This project is devoted to the construction of an evidence based religion. It works on the assumption that the Universe is divine, so that all our experience is experience of God. This assumption enables theology to become a evidence based real science. Religion is applied theology.

Each of us is shaped by nature and nurture. Human nature unfolded through billions of years of evolution. Although our species has existed only momentarily compared to the lifetime of the Universe, it is relatively fixed and a subject of the human life sciences. From the biological point of view, we are all one species intimately linked to all the other species of life on earth. Darwin, Jones

An important feature of humanity is our ability to learn. Learning has enabled us to adapt culturally to the wide range of environments in which we now live. Although our bodies are relatively fixed, our minds are quite fluid. Nevertheless, mental constructions like religions have a long life, often measured in thousands of years.

Since the beginning of recorded history, we have developed explanatory stories to make sense of our shared experience. These stories form a foundation for religion and guide and inspire us. They help us to live in a Universe which seems to be largely an uncontrollable and mysterious wilderness. But if our religions help us they can also become entrenched and blind us to changing circumstances.

I grew up Roman Catholic Church and there learnt to see religion as obedience to an invisible divinity who communicates with us only through the Church. Slowly (over about 40 years) I began to understand that this allegedly invisible being is in fact visible.

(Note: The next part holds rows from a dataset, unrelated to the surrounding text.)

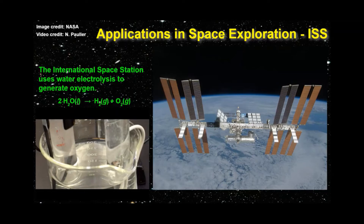The electricity required for the electrolysis is generated by the ISS solar panel arrays. Additional oxygen for the crew of the ISS can be generated using Solid Fuel Oxygen Generation, or SFOG, canisters. Burning SFOG canisters — also called candles — generates oxygen by a decomposition reaction of lithium perchlorate. One canister produces enough oxygen for one crew member for one day.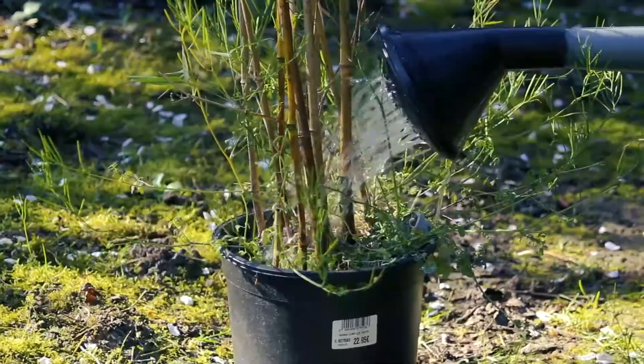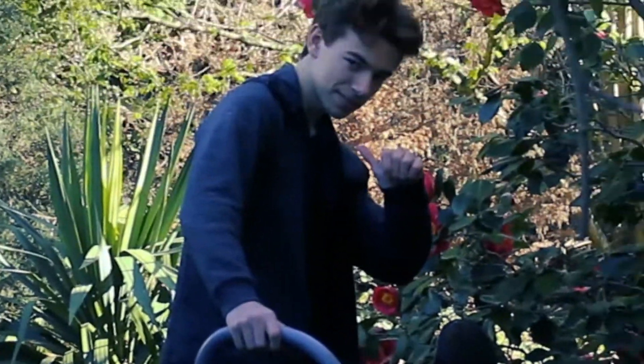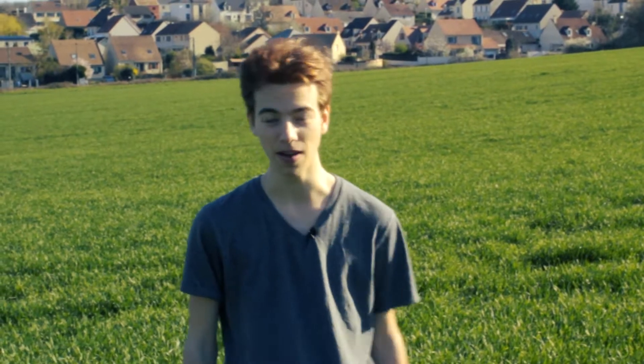We all got up one morning and said, 'Oh my god! This handsome man is watering this plant very well. How could I do the same with my bonsai?' And I know what you're thinking, but no, it's not impossible. My name is Stefan de Lapine, and today I will teach you how to water your bonsai.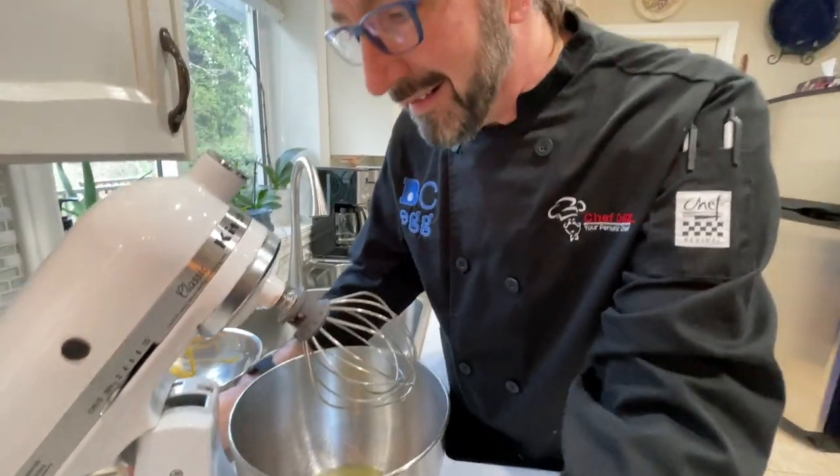Now remember our egg whites? To those we're going to add a little bit of sugar and a little bit of cream of tartar. Cream of tartar is a dry powder — it's an acid, actually called tartaric acid, and it's a byproduct of making wine. It acts as a stabilizer, which is going to help these egg whites stay nice and whipped. A great trivia fact: if you don't have baking powder and you have baking soda, take two measures of cream of tartar to one measure of baking soda and that makes baking powder. For example, two teaspoons of cream of tartar mixed with one teaspoon of baking soda gives you three teaspoons — one tablespoon — of baking powder.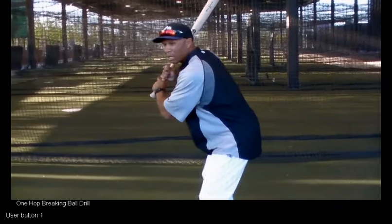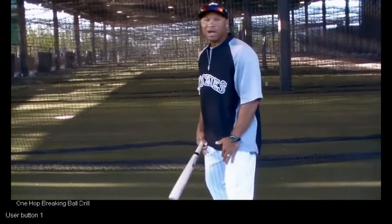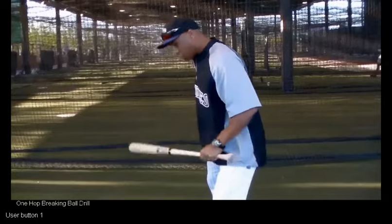If he throws himself up to lean and go out there and get it, he'll probably want to lay off that ball. It also helps guys stay back a little bit into their legs. If they jump out there too far, that's the backside lead.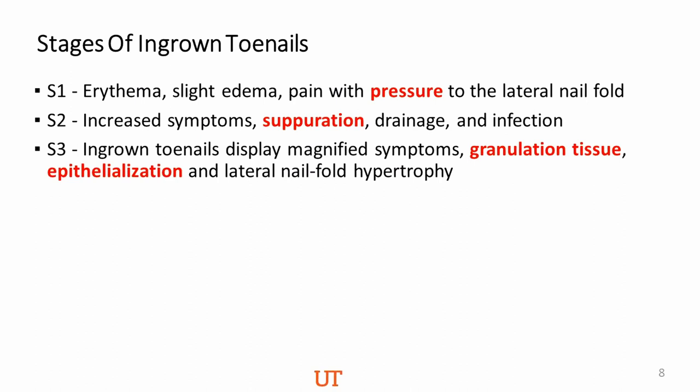It's important to understand the stages of ingrown toenails because, like any aspect of clinical medicine, the treatment may differ depending on stage. Stage 1 involves pain and pressure. Stage 2 involves suppuration — pus that flows and drains — a marker of infection. Stage 3 already has granulation tissue present. At stage 3, you tend to do more involved surgical work — you have to trim away the granulation tissue, which is tissue with an increased rich blood supply.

My new God is my environment: my community, my planet, the whole Universe and every creature in it. No one can survive alone. Religious beliefs handed from generation to generation bind us into organic groups educated in the arts of survival. Religion is an essential element of human ecology. Reynolds & Tanner

Religion binds, but it also separates. The physical resources of the world are limited. This fact, together with variation and the propensity of life to reproduce exponentially, sets the stage for evolution by natural selection. Like plants and animals, strong religious organisms grow at the expense of the weak. The great religions of the world have exterminated or absorbed thousands of smaller religions in the course of their growth.

The Hebrew Lord God of the Catholic Old Testament supported the martial conquest of the Promised Land by his Chosen People The gods of other conquerors were similarly pleased with the warlike exploits of their people. Joshua, Miles page 144.

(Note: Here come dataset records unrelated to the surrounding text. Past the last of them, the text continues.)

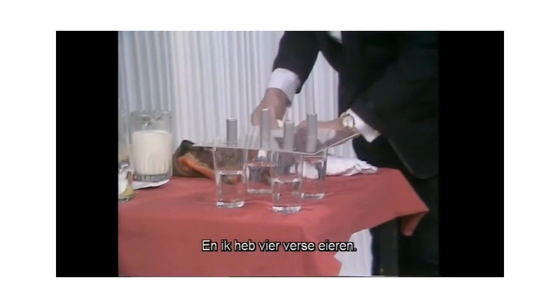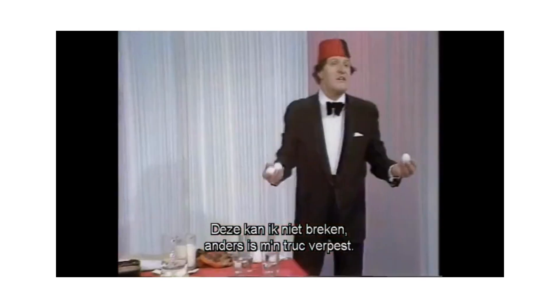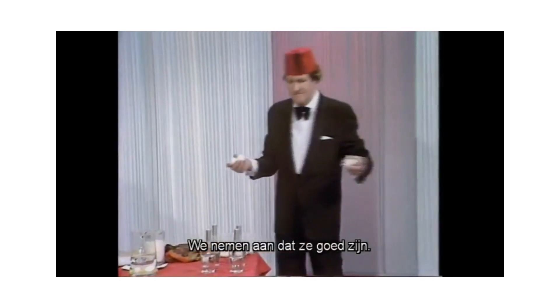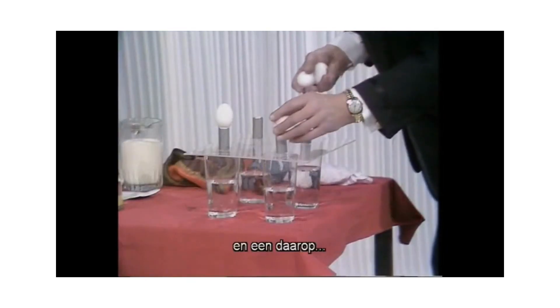I get four eggs, four fresh eggs. Now I can't break these, otherwise I'll have no trick left. So we're assuming they're all right. I place one there, one on there.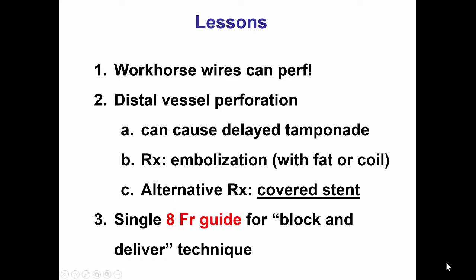There are several lessons from this case. The first one is that even workhorse wires can cause perforation. Everyone is concerned about polymer-jacketed wires that if they go out, they can cause perforation — but they're not the only ones. Even a workhorse wire can cause perforation. Therefore, it doesn't matter what type of wire it is; it is particularly important to check the location of the wire and correct it throughout the case. The second lesson is that distal vessel perforation can cause delayed tamponade, as John Stathopoulos has shown in a case series. Fortunately, that was not the case in our patient.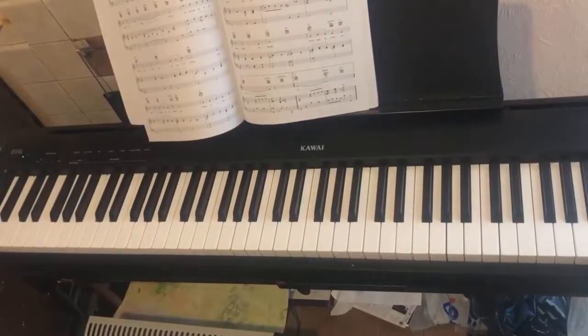I was originally going to talk this morning about playing from music and how it can be less musical, but that's a big subject and we'll go to that later — and this is related to it.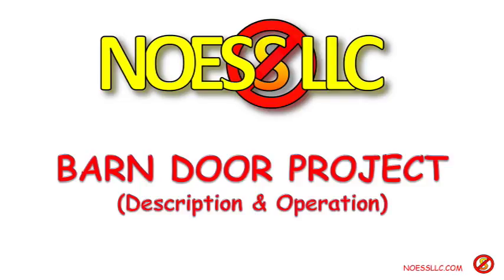Well hello folks. Here we are again with another teeny tiny technical exposition from No-S LLC — that is us. Today we're going to show you just a little bit about the barn door project which we recently completed using the scrap left over from an earlier project making our headboard.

Most wars may be seen as holy wars. The divine mandate justifies the immense pain and loss inflicted by war. It is clear that if we are to eliminate war from the Earth, we must become one organism bound by one religion. The basic motivation of this project is the search for such religious unity ('global ecumenism'). Dower, Armstrong.

I have been trying to take theology along the route pioneered by physics, beginning with Newton's celestial mechanics. To be scientific, theology must be about something observable. Theology may become a science on the assumption that the visible Universe is divine. My experience of life is my experience of God. Scientific theology may guide the development of a religion tailored to the realities of the world in the same way as science in general guides all our practical arts. Moulton

Such a religion, based on theology as a natural science, is naturally to be named natural religion.

(Revised 13 July 2014)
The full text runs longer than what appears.